Data Visualization notes

Author

Andrew Irwin

Published

January 8, 2024

Welcome

Data visualization is a critical skill for anyone interested in using data to think and persuade.

This course focuses on three aspects of data visualization:

  • What makes a good data visualization?
  • Designing, improving, and communicating with visualizations, and
  • Technical computer skills needed to create visualizations.

What is Data Visualization?

Data visualization is the practice of turning data into graphics. Good graphics are more easily interpreted than the raw data. A well-designed visualization is faithful to the original data and does not mislead the intended audience. Almost every data visualization is a simplification and approximation of a raw dataset, and thus involves a perspective — the goals and biases of the person producing the visualization.

Data visualization approaches vary. For some purposes, highly customized graphic design and visual style are paramount. That’s not our focus. We emphasize standardized graphical presentations — which span a wide variety of visualizations — that minimize the use of graphical elements not directly linked to the data.

What is the purpose of data visualization?

Data visualization is used to help tell stories with data. The usual goal is to communicate an interpretation of a data set to a particular audience, to make an argument you have worked out from an analysis of the data. The visualization is a device to help you do that. Visualizations are best when accompanied by written explanations. Even if a picture is worth a thousand words, visualizations do not usually stand on their own. Once the message is understood and internalized, a good visualization can sometimes tell the story “by itself”.

Course Goals

By the end of the course you will be familiar with several aspects of data visualzation.

Visual impact and aesthetic aspects of graphics

  • Understand the relationship between the structure of your data and the perceptual features of your graphics.
  • Describe aesthetic features of good plots.
  • Use length, shape, size, colour, annotations, and other features to effectively display data and enable comparative visual interpretation.

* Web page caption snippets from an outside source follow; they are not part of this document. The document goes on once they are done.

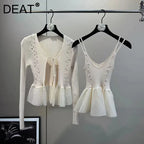 DEAT Fashion Trendy Casual Solid Color Knitted Cardigan For Women New Arrival Trendy Slim Fit Camisole Vest Female  11A04613 - Matrix Studios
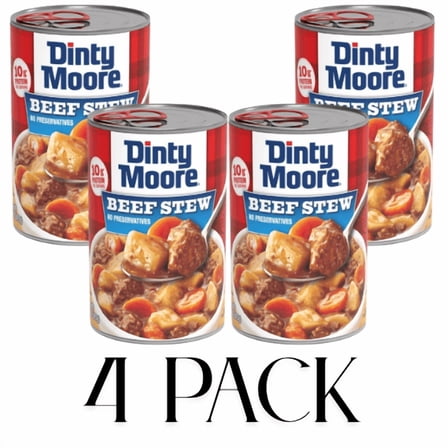 DINTY MOORE Best Beef Stew with Potatoes and Carrots, Shelf Stable, Packaged Meals, 15 oz Steel Can (4 Pack)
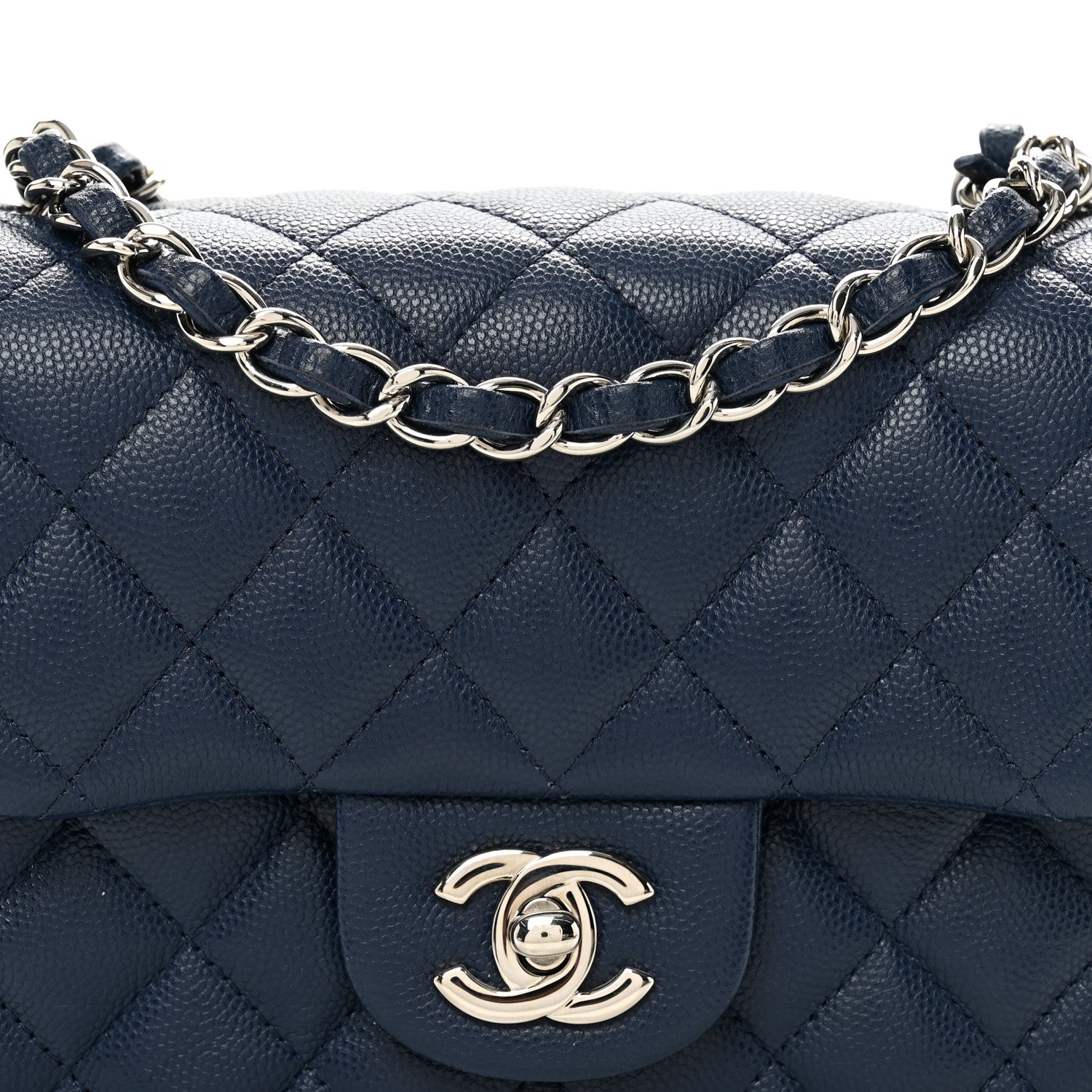 Caviar Quilted Mini Square Flap Navy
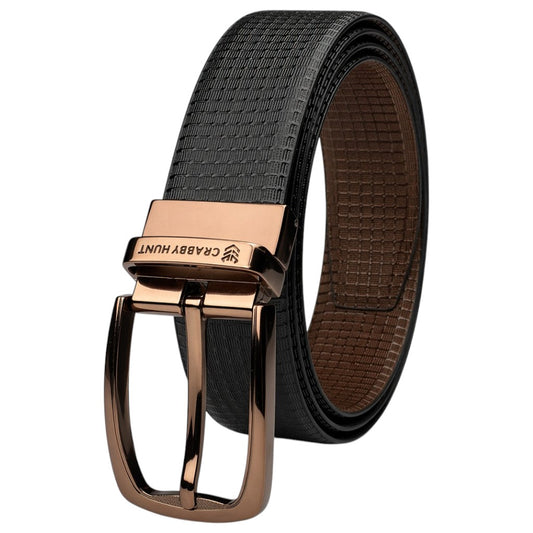 Men’s Genuine Leather Belt | Premium Textured Brown Belt with Rose Gold Buckle | Formal & Casual Wear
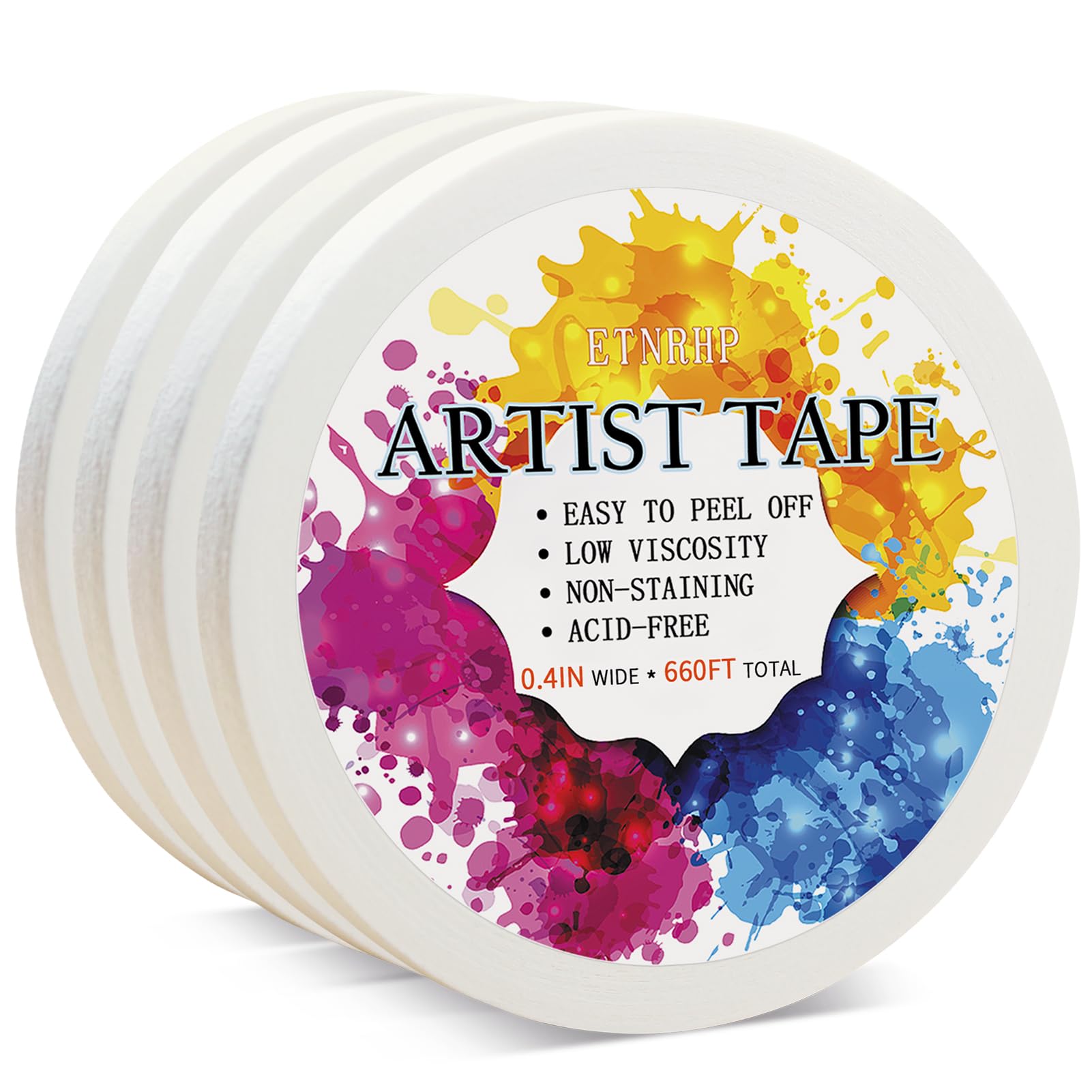 ETNRHP 4 Packs White Artist Tape for Watercolor Paper Drafting Art Low Tack Masking Tape Acid Free Painter Watercolor Tape for Painting Canvas Framing
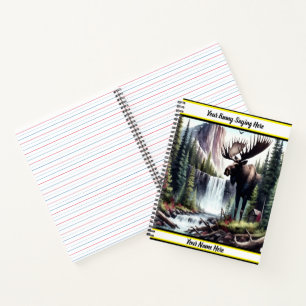 Carnet Oie majestueuse posée au bord d'une cascade tranqu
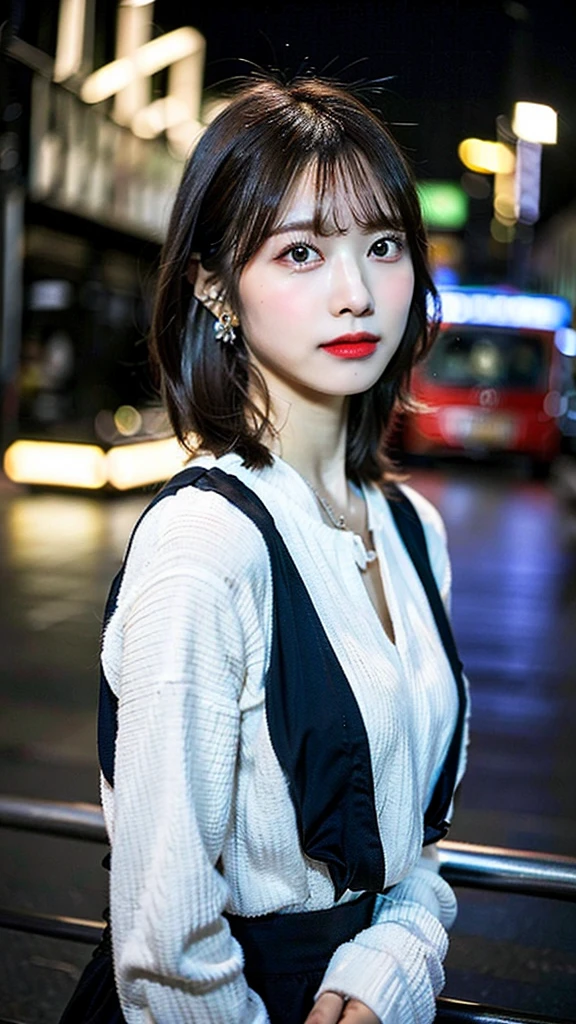 (Highest quality, 8K, 32k, masterpiece, Ultra-high resolution: 1.2), Cute Japanese Women Photos, Short Bob Hair, Full body view, Extra Large_one piece, Earrings, Model pose,(Cinematic aesthetics:1.4), Beautiful fashion model,Bokeh city night photo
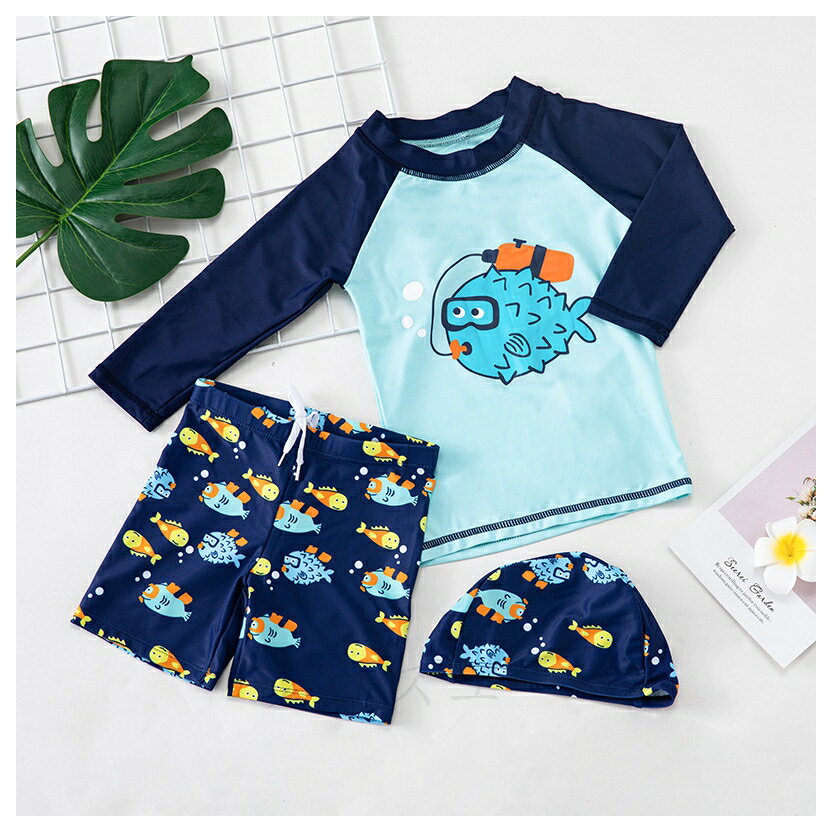 子供用水着 ハーフパンツ ふぐ 上下三点セット(上,下,帽子)75cm-135cm 軽い高弾性 肌守り 3点セット 男の子 キャップ付き 水泳 ジュニア サメ柄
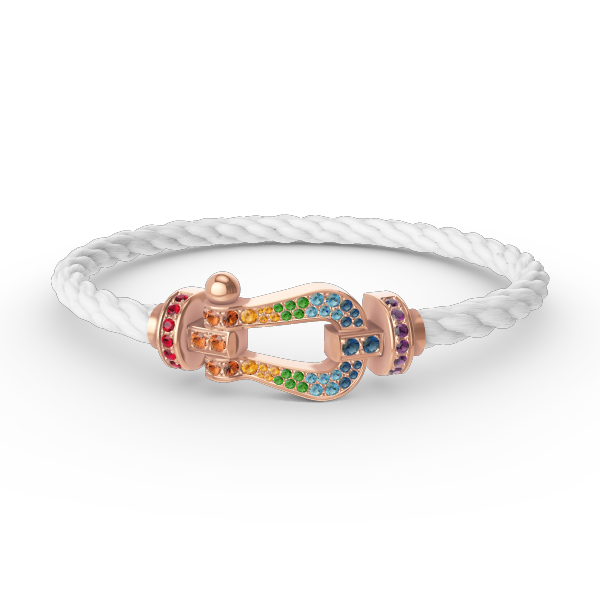 Aura FORCE LARGE HORSESHOE  COLORED DIAMOND BRACELET ROSE GOLD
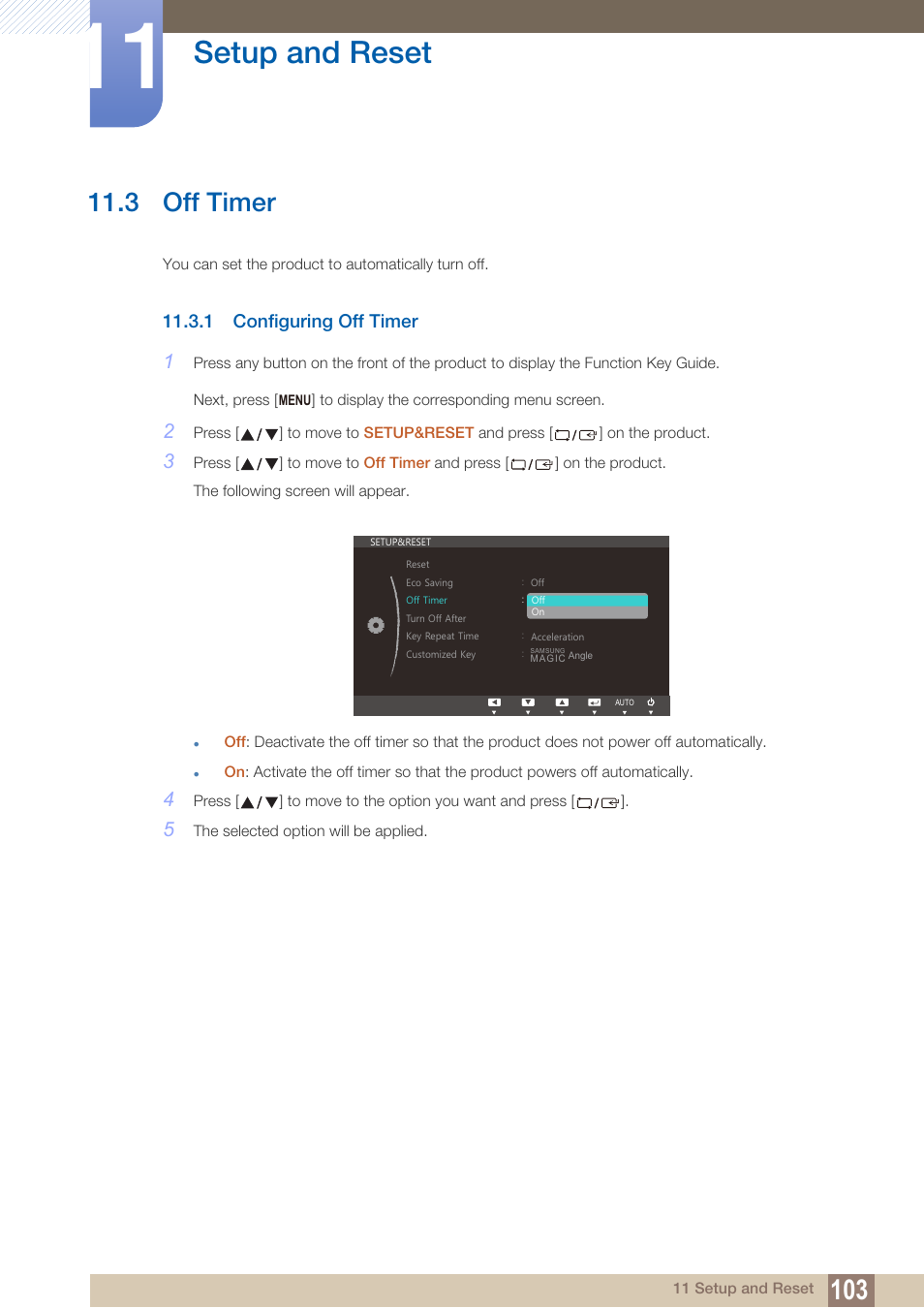 3 off timer, 1 configuring off timer, Off timer | Configuring off timer, Setup and reset | Samsung LS22B150NS-ZM User Manual | Page 103 / 160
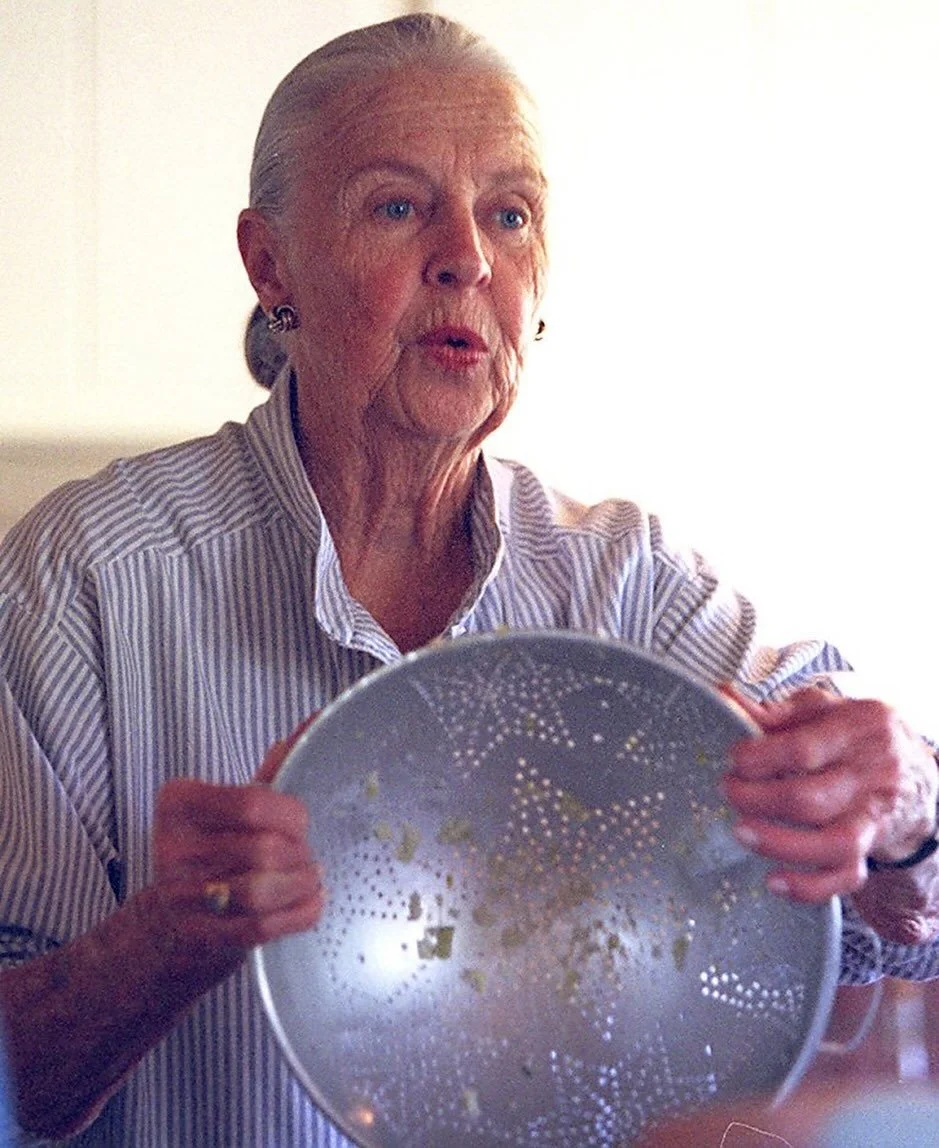 (Marion Cunningham holding the exact same strainer my mother received as a wedding present in the 60s. not which one of us ended up with this classic.)

MEETING LEGENDS: MARION CUNNINGHAM (PART 1) - One would think we all classify the same people as 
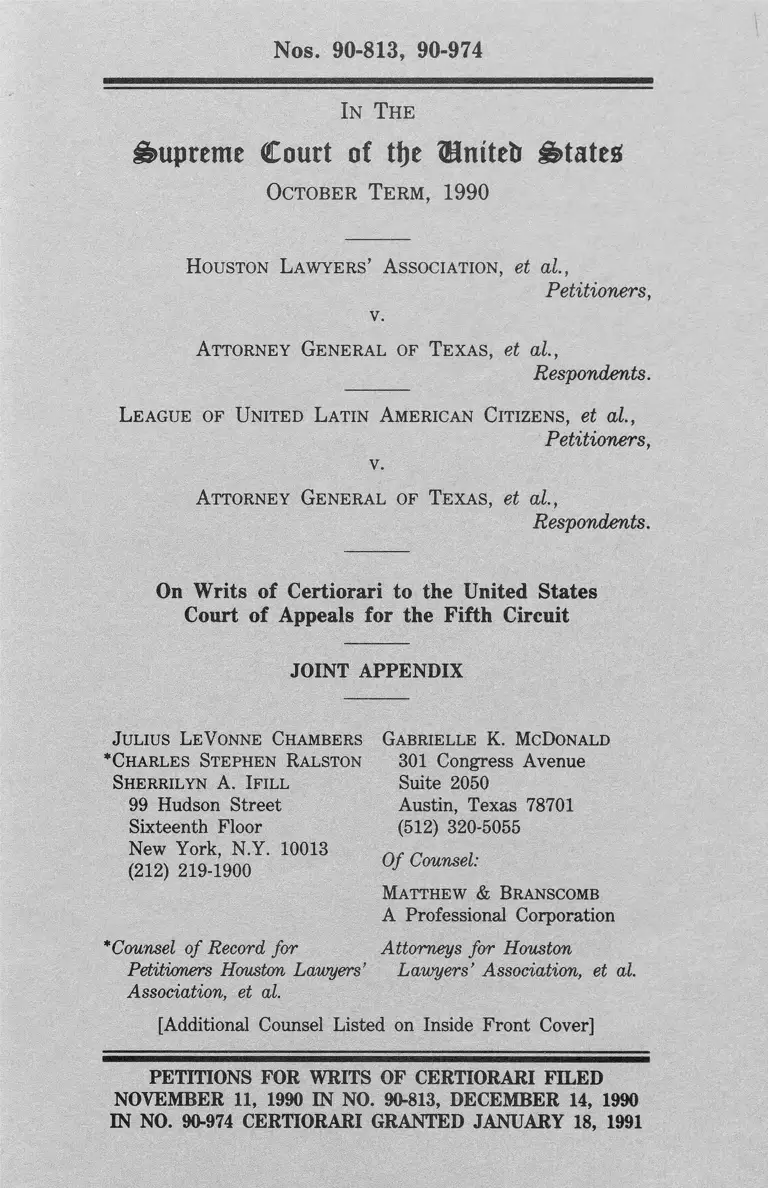 Houston Lawyers' Association v. Attorney General of Texas Joint Appendix preview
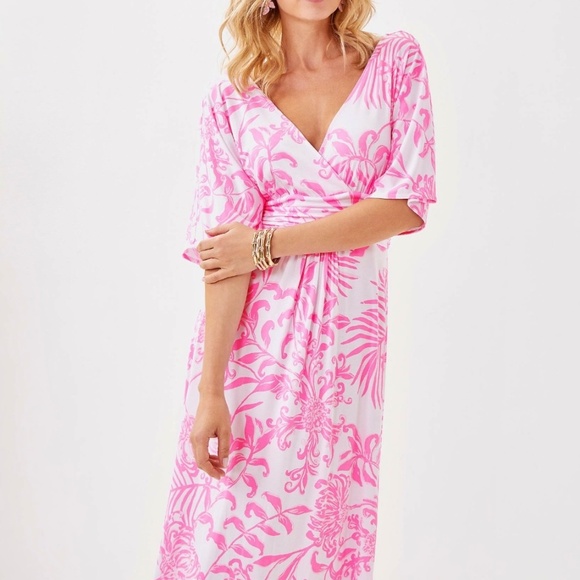 Lilly Pulitzer Parigi Maxi Dress, Rousseau Pink Glisten Size Medium - Picture 4 of 7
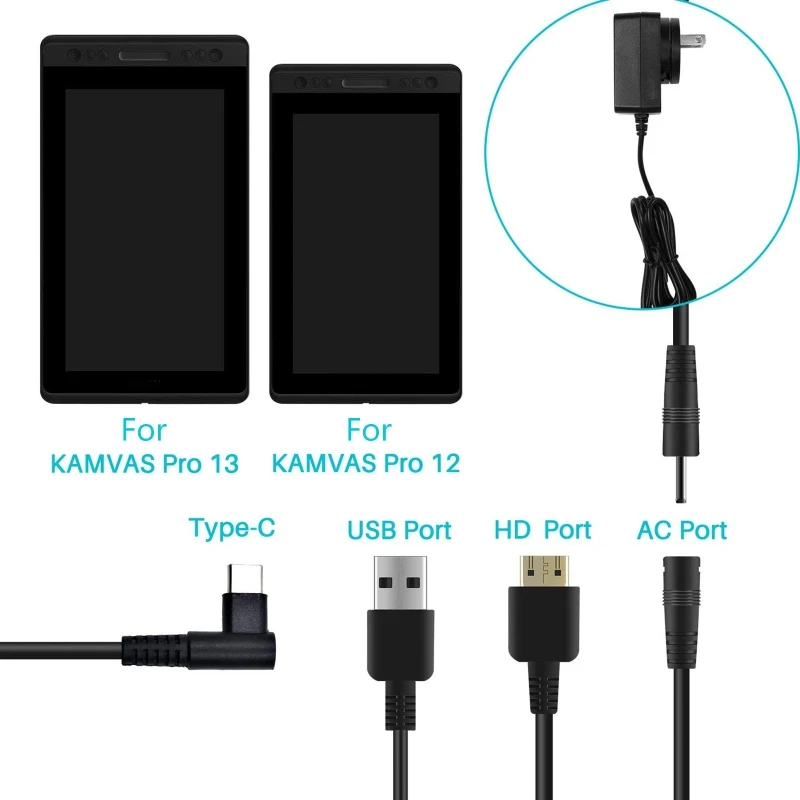 

ForHUION 3-in-1 Cable forKAMVAS Pro 16 Pro 13 Pro 12 Graphics Drawing Monitor with HDMI-compatible USB Cables 85DD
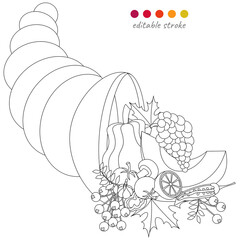 Still life with cornucopia, pumpkin and vegetables. Autumn collection. Relaxation coloring template.
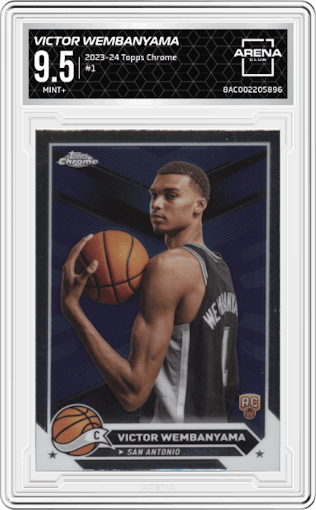 Victor Wembanyama from the 2023-24 Topps Chrome set graded by Arena Club and given an overall grade of 9.5.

Visualization as communication

  • Visualization is a visual language for communication, which should be accompanied by written interpretations.
  • Visualizations should be developed through an iterative process akin to editing text, including the process of refining plots to highlight key features of the data, labeling items of interest, annotating plots, and changing overall appearance.
  • Visualizations can be presented in different formats for different audiences and different communications goals.
  • Communication effectiveness should be evaluated by peer-review and critical, constructive feedback.

Computing skills

  • Learn the basics of using R, Rstudio, several R add-on packages, and git.
  • Read data in several different formats into R.
  • Create graphs with ggplot2 for continuous and categorical variables with informative legends.
  • Add error bars, linear models, smooths, labels, and other annotations to a graph.
  • Create small-multiple (facetted) plots.
  • Use the principles of tidy data tables to facilitate transformation and analysis of data. Reshape data to make it tidy.
  • Summarize and transform data using dplyr.
  • Reshape data using pivots.
  • Create maps and some alternatives for presenting spatial data.
  • Write reproducible documents with R markdown to document your analysis process and present your results.
  • Distribute data, code, and results using git and github.
  • Access and interpret help resources (built-in help, vignettes, web pages, online discussion forums, blogs).
  • Develop skills for independently learning new data visualization methods and software.

Statistical models

  • Use a variety of modeling techniques such as LOESS, OLS, robust regression, polynomial regression, and quantile regression.
  • Learn how to extract information from fitted models to compare different statistical models.
  • Use principal component analysis (PCA) to reduce the dimensionality of complex datasets, increasing interpretability while minimizing information loss.
  • Use multidimensional scaling (MDS) to visualize and compare similarities and dissimilarities between variables.
  • Divide observations into homogeneous and distinct groups using K-means.